IL RAPPORTO TRA PROCESSO DI ESECUZIONE E GIUDIZIO DI DIVISIONE ENDO-ESECUTIVA

Il tema è affrontato dalla Corte di Cassazione nell’ordinanza n. 21218 del 02.10.2020.

Successivamente alla pronuncia di sentenza ex art. 2901 c.c. di revoca della vendita della quota di ½ di immobile, originariamente in comunione tra Tizio e Caia, effettuata da quest’ultima in favore del primo, la società Alfa pignorava la quota indivisa di proprietà di Caia.

Instaurata la procedura esecutiva, il G.E. disponeva con ordinanza di procedere alla divisione del bene in comunione. Seguiva dunque l’instaurazione del giudizio di divisione endo-esecutiva.

Il Tribunale dichiarava la non comoda divisibilità dell’immobile, disponendone la vendita, con sentenza successivamente confermata in appello e passata in giudicato a seguito del rigetto di ricorso per cassazione.

Il giudizio di divisione proseguiva dunque con la vendita del bene pignorato, successiva aggiudicazione ed emissione dei decreti di trasferimento.

Tizio deduceva che, dopo la pronuncia della Corte d’Appello che aveva confermato la non comoda divisibilità del bene, avrebbe dovuto essere riassunto il giudizio di esecuzione. Non essendo ciò avvenuto, Tizio depositava dunque al G.E. istanza di estinzione del processo esecutivo per mancata riassunzione nel termine di cui all’art. 627 c.p.c..

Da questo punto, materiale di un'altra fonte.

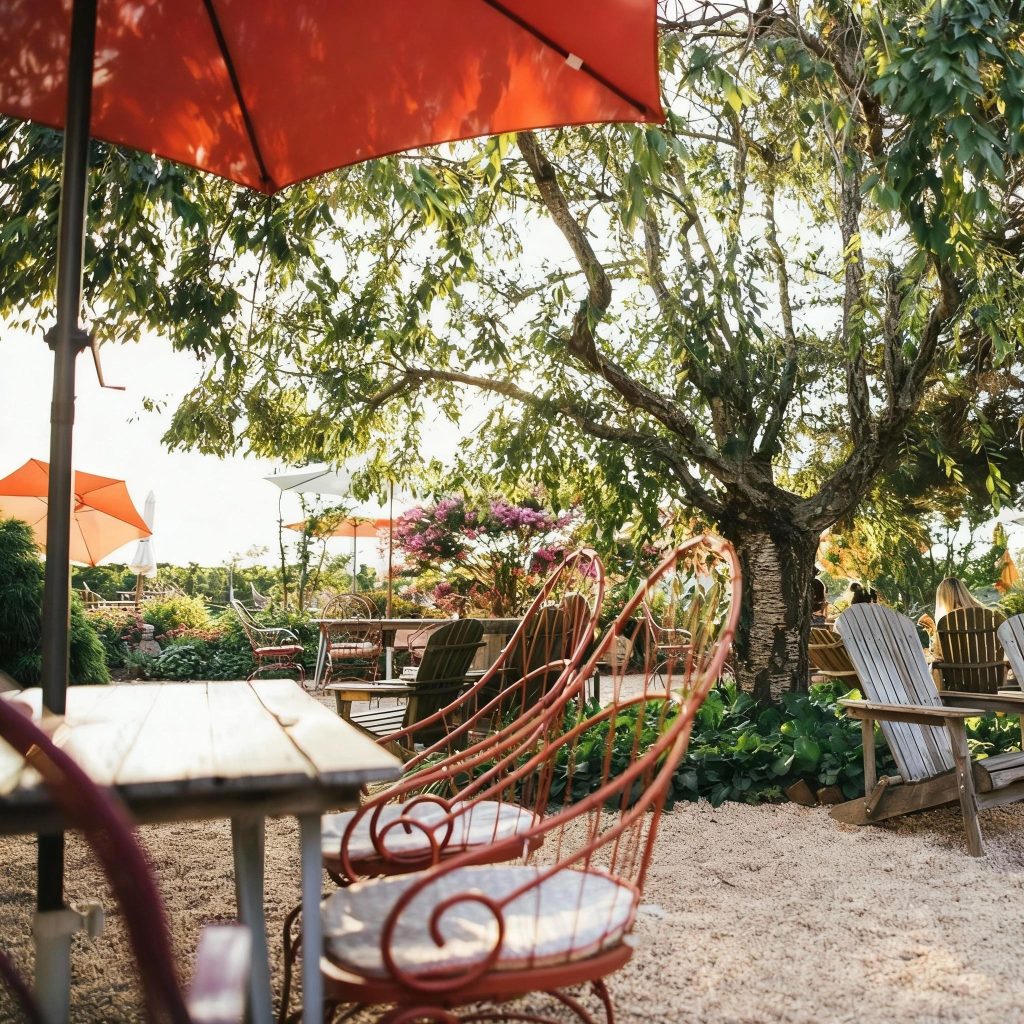Outdoor garden seating with tables and umbrellas at Croteaux Vineyards on the North Fork of Long Island during a Long Island wine tour.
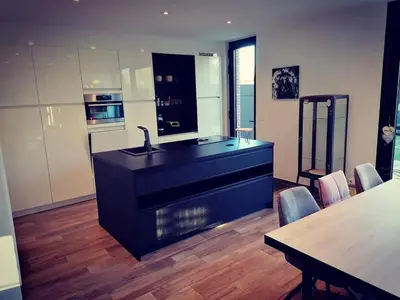a kitchen with a sink and a counter with a table at Vakantievilla met jacuzzi Limburg in Kwaadmechelen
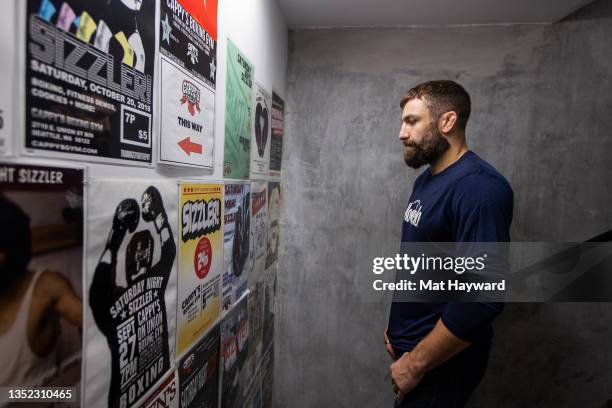 Mixed martial arts fighter and sports analyst Michael Chiesa looks at flyers as Modelo, UFC and Rebuilding Together renovate Cappy's Boxing Gym on...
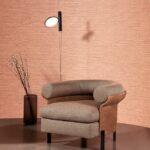 Bruin Arte Koumbala behang met een ronde fauteuil, moderne wandlamp en vaas met takken in een minimalistisch interieur.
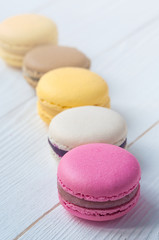 French Macaroon cake set on wooden white table. Delicious sweet dessert.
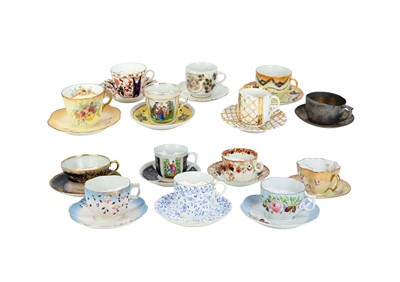 Lot 649 - A collection of moustache cups and saucers.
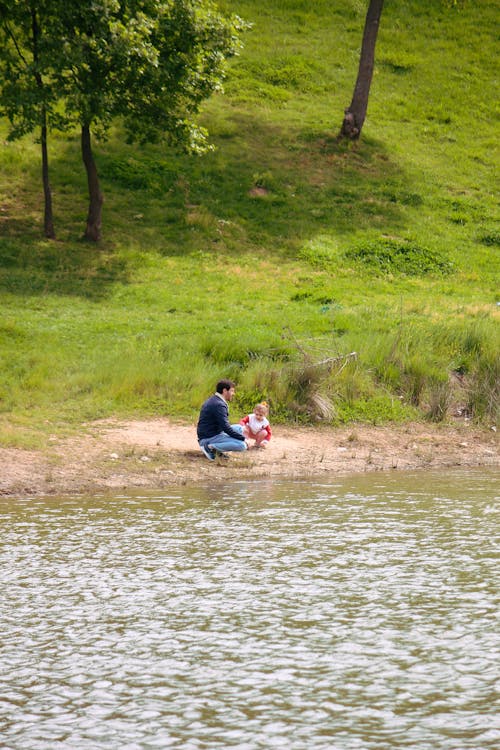 A man and a child sitting on the shore of a lake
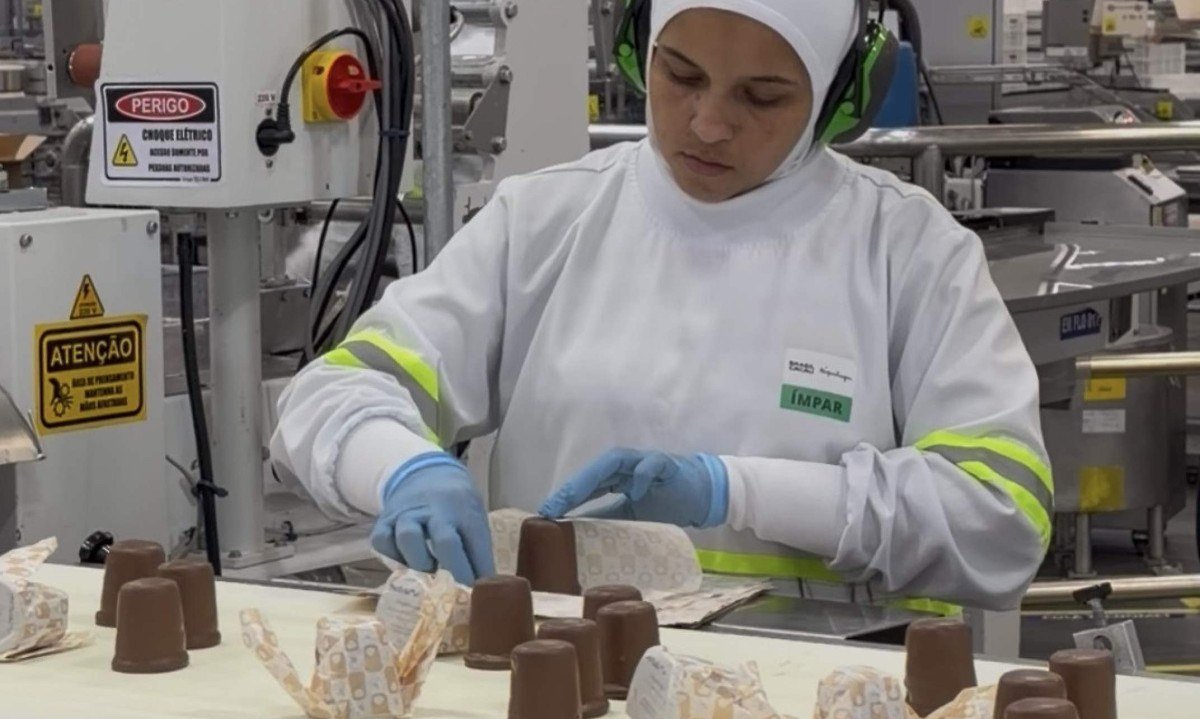 Mãos se dedicam a fazer, no ritmo da esteira, a dobradura do papel que embala a nhá benta - (crédito: Celina Aquino/EM/D.A Press)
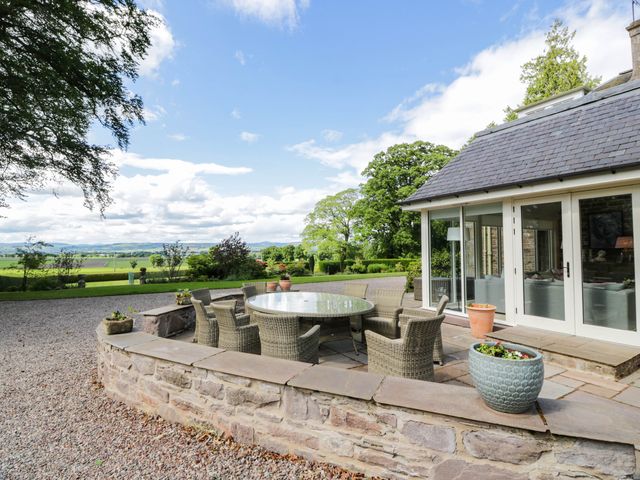 An outdoor seating area with a table and chairs at Eagle Glen Manor House in Blairgowrie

Previa fissazione di apposita udienza, il G.E. rigettava la domanda di Tizio, che proponeva reclamo avverso tale provvedimento di rigetto.

Il Tribunale rigettava il reclamo, ma la Corte d’Appello accoglieva la successiva impugnazione, dichiarando l’estinzione del processo esecutivo ed ordinando la cancellazione del pignoramento e della citazione per divisione dell’immobile.

Il curatore della società Alfa ricorreva in Cassazione avverso la sentenza della Corte d’Appello, giudizio ancora pendente dinnanzi alla Suprema Corte.

Tizio chiedeva dunque al Giudice della divisione di adottare tutti i provvedimenti conseguenti alla dichiarazione di estinzione del processo esecutivo. Ai sensi dell’art. 337, comma 2, c.p.c., il predetto Giudice, in considerazione delle questioni giuridiche prospettate dinnanzi alla Suprema Corte nel giudizio pendente, sospendeva il processo di divisione sino al passaggio in giudicato della sentenza della Corte d’Appello che aveva dichiarato l’estinzione del processo esecutivo. Tizio e Caia impugnavano tale ordinanza con ricorso per regolamento necessario di competenza, occasione per la Suprema Corte per affrontare nuovamente il delicato tema del rapporto tra processo esecutivo e giudizio di divisione endo-esecutiva.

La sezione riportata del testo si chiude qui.